= Sea chest (nautical) =

Type of recess in a ship's hull

The term sea chest is used for a rectangular or cylindrical recess in the hull of a ship.

==Ship's reservoir/filter==

The sea chest provides an intake reservoir from which piping systems draw raw water. Most sea chests are protected by removable gratings, and contain baffle plates to dampen the effects of vessel speed or sea state. The intake size of sea chests varies from less than 10 cm^{2} to several square metres.

==Zebra mussel control in sea chests==

When the ship is in freshwater, the hard steel surfaces of the sea chest, protective grates and baffles, combined with low water velocities created in this immediate area, provide a suitable environment for zebra mussel attachment. Zebra mussel infestations have been found to clog the individual intakes and gates of the various water piping systems, decreasing the availability of water for onboard operations, which could result in damage to engines and other components that require water for cooling. Sea chests are, therefore, considered to be the most susceptible component to serious infestation.
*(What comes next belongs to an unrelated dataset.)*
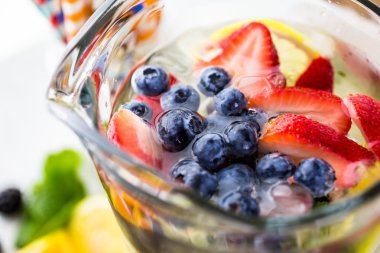 İnfüzyon su taze çilek ile.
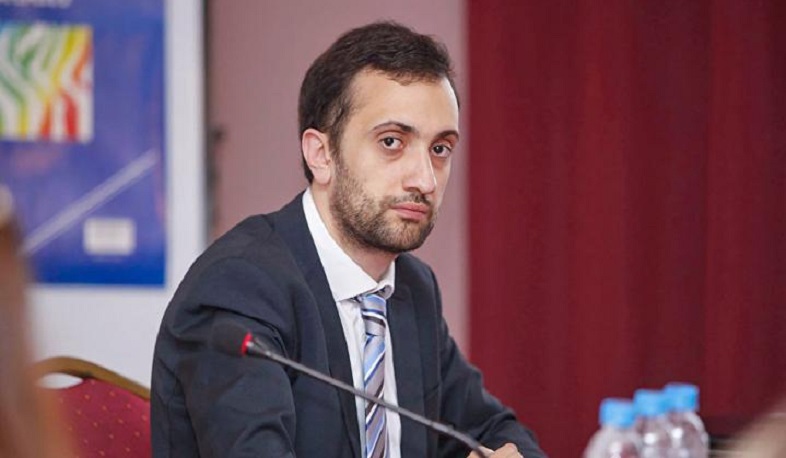 Դանիել Իոաննիսյանն ահազանգում է. ԱՊՀ դիտորդն ուղիղ քարոզչություն է անում սոցցանցի իր էջում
Control strategies include coating all surfaces with an antifoulant such as copper-based epoxy paint or hot-dip galvanizing. Periodic inspection and replacement of grates and screens also reduces the risk. Increasing the size of the sea chests by 20% to 30% may delay the onset of serious problems that could force an engine shutdown. Thermal treatment is a highly effective strategy for the control of zebra mussels (McMahon et al. 1995). Thermal treatment may include retrofitting a closed loop system to recirculate the heated water to the sea chest or the addition of a second sea chest system, allowing engine cooling water to be discharged through the idle sea chest. Recirculation of engine cooling water as a thermal control strategy has proved extremely effective in controlling zebra mussels (Palermo 1992, U.S. Coast Guard 1994).